§ **EXERCISE**: Write out every line exactly, from the start of the records below to the line with "Carolina General Assembly", and stop there. Don't write out the pictures.

§ **RECORDS PROVIDED**:

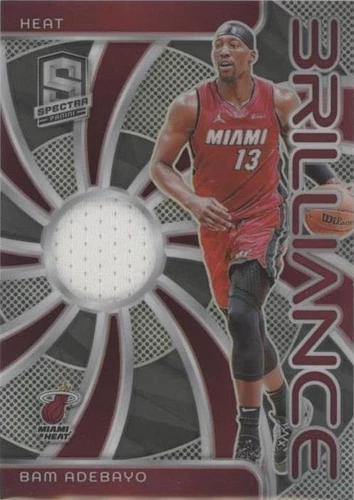 2023-24 Panini Spectra - Bam Adebayo #BRI-BAM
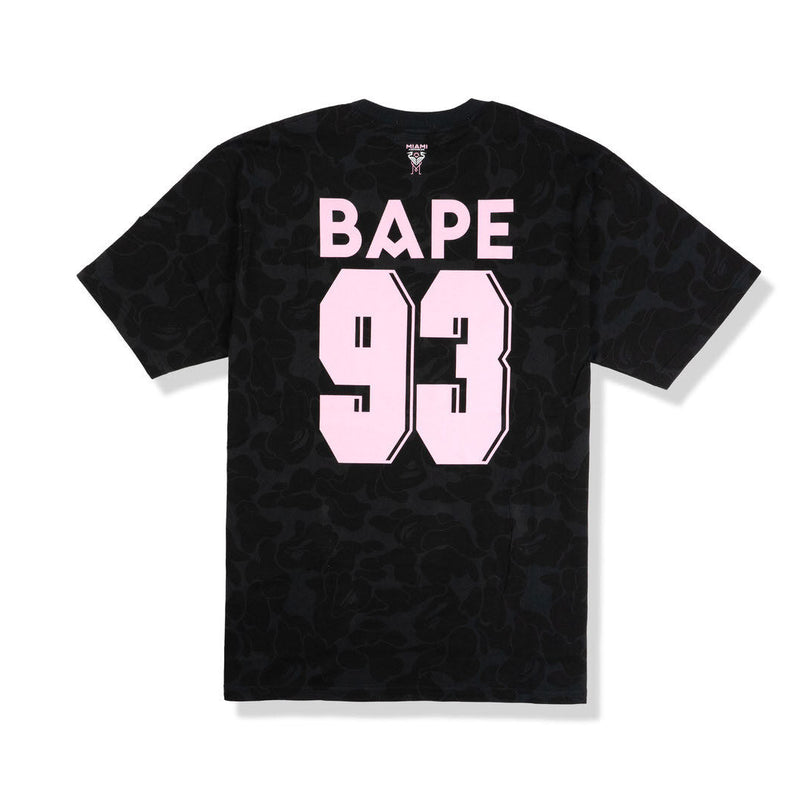 Bape x Inter Miami CF Camo T-Shirt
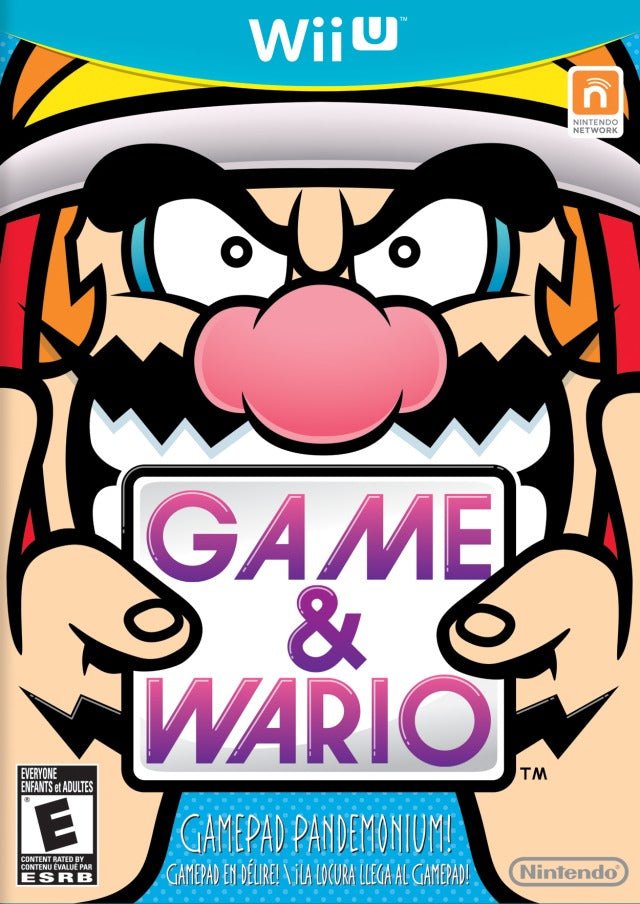 Game & Wario (Nintendo Wii U) (ONLINE ORDER ONLY)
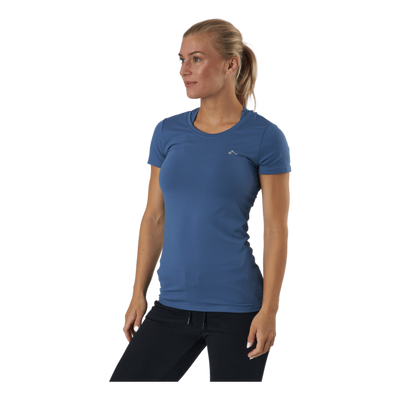 Onpclarisa Ss Training Tee Bijou Blue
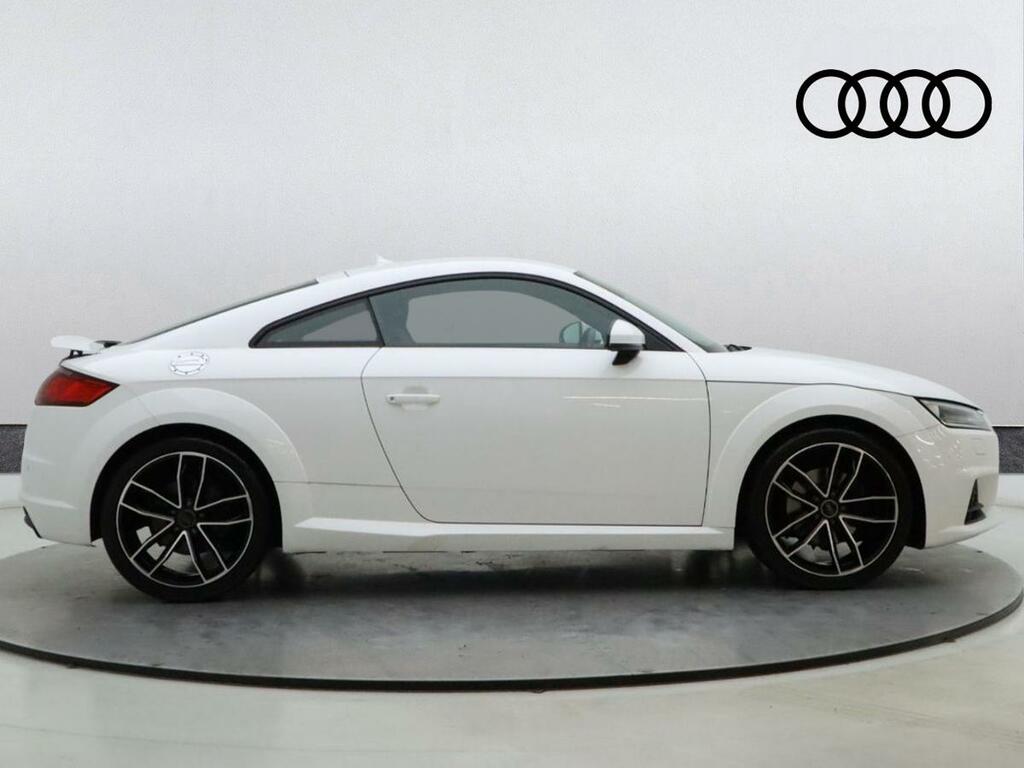 Audi TT S Coup- Black Edition Tfsi 320 Ps S Tronic Black #4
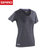 spiro 运动T恤女速干跑步健身训练瑜伽服弹力上衣S271F(深灰色 M)第4张高清大图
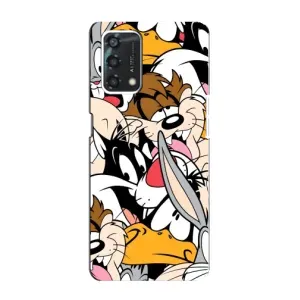 Популярні Чохли з картинками для Оппо А95 (Looney Tunes)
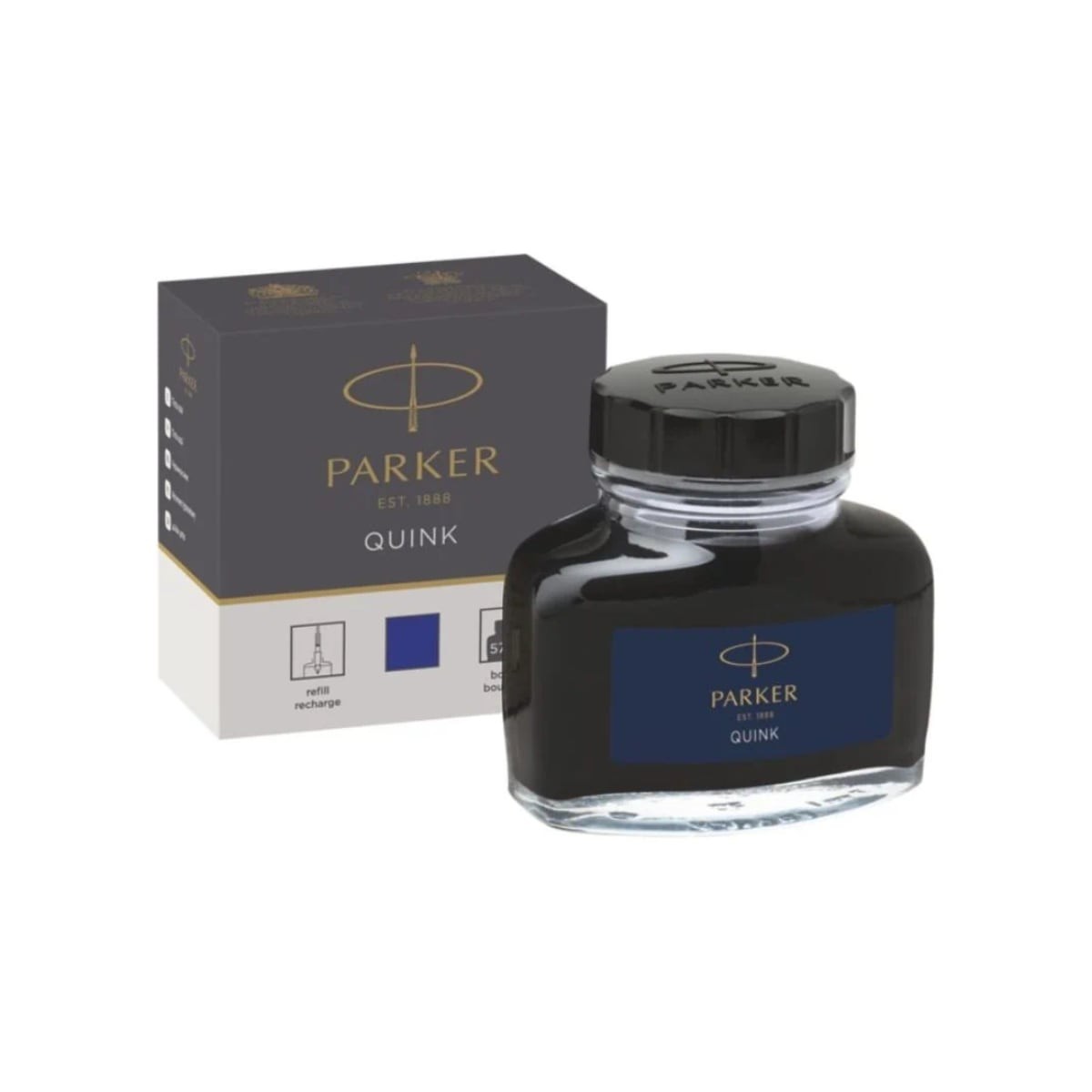 PARKER Δοχείο Μελάνης Quink Ink 57ml - Blue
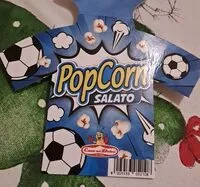 Mängden socker i Popcorn salato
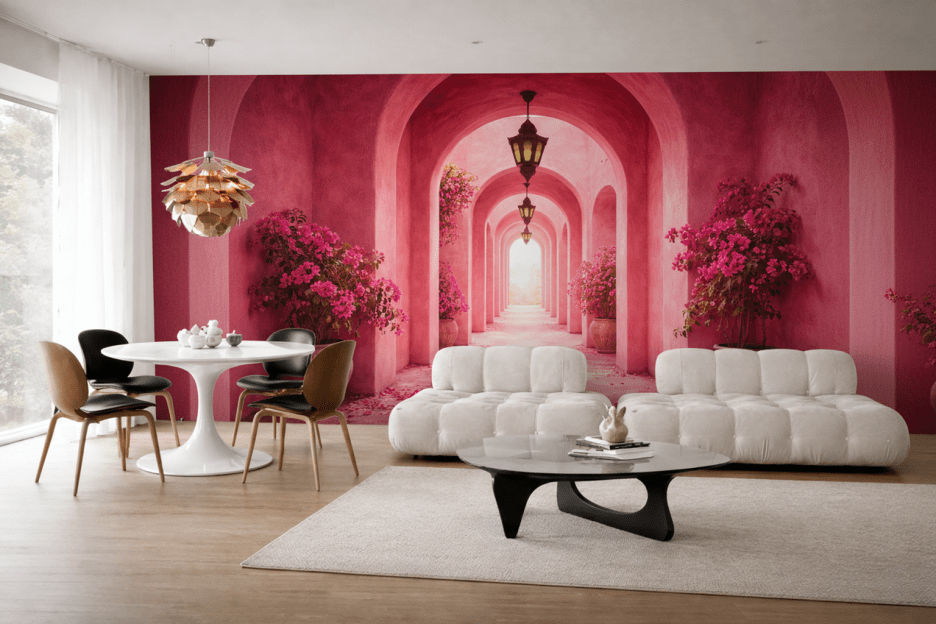 Bougainvillea Aisle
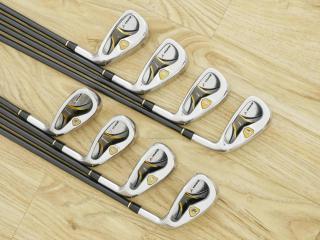 iron_set : ชุดเหล็ก Katana Sniper V (หน้าเด้ง ใบใหญ่ ตีง่าย) มีเหล็ก 5-Pw,Aw,Sw (8 ชิ้น) ก้าน Sword VI-5 Flex R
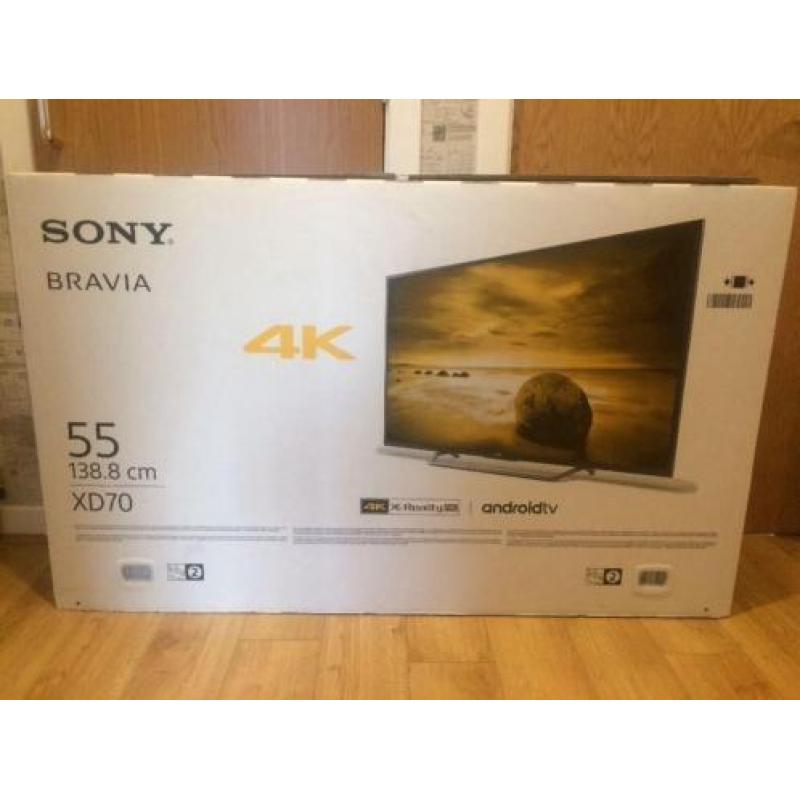 55XD-7005 4k 55" HDR SMART LED TV (2 beschikbaar)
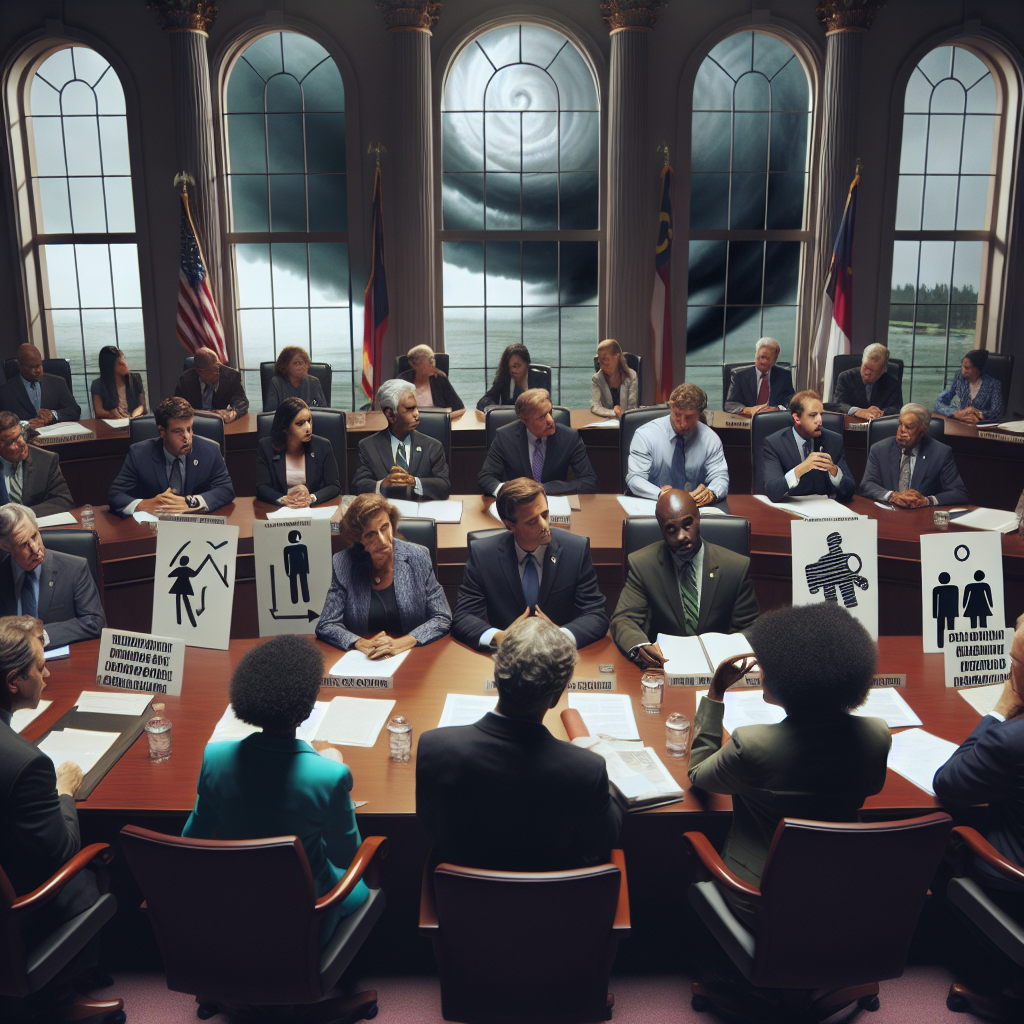 "North Carolina General Assembly Leaders Pledge Disaster Relief for Hurricane Helene Damage: Initial Steps and Future Plans"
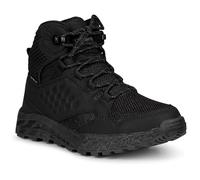 Trespass Bottes montantes Rex pour enfants - Bottes à lacets pour garçons et filles, chaussures d'extérieur résistantes à l'eau pour enfants, chaussures montantes respirantes, Noir , 37 EU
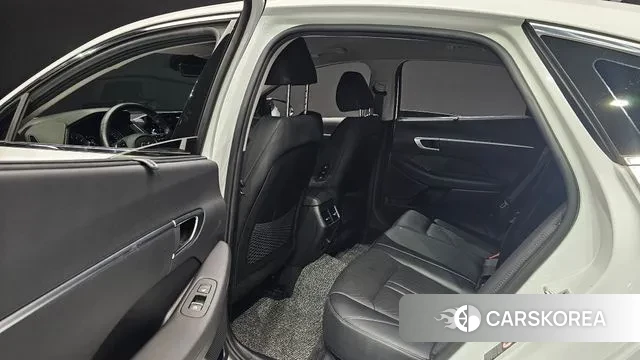 Hyundai Sonata (DN8) 2020 Белый из Кореи, фото 3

§ **ANSWER FOR THIS EXERCISE**:
 2023-24 Panini Spectra - Bam Adebayo #BRI-BAM
 Bape x Inter Miami CF Camo T-Shirt
 Game & Wario (Nintendo Wii U) (ONLINE ORDER ONLY)
 Onpclarisa Ss Training Tee Bijou Blue
 Audi TT S Coup- Black Edition Tfsi 320 Ps S Tronic Black #4
 spiro 运动T恤女速干跑步健身训练瑜伽服弹力上衣S271F(深灰色 M)第4张高清大图
 Популярні Чохли з картинками для Оппо А95 (Looney Tunes)
 PARKER Δοχείο Μελάνης Quink Ink 57ml - Blue
 Mängden socker i Popcorn salato
 Bougainvillea Aisle
 iron_set : ชุดเหล็ก Katana Sniper V (หน้าเด้ง ใบใหญ่ ตีง่าย) มีเหล็ก 5-Pw,Aw,Sw (8 ชิ้น) ก้าน Sword VI-5 Flex R
 55XD-7005 4k 55" HDR SMART LED TV (2 beschikbaar)
 "North Carolina General Assembly Leaders Pledge Disaster Relief for Hurricane Helene Damage: Initial Steps and Future Plans"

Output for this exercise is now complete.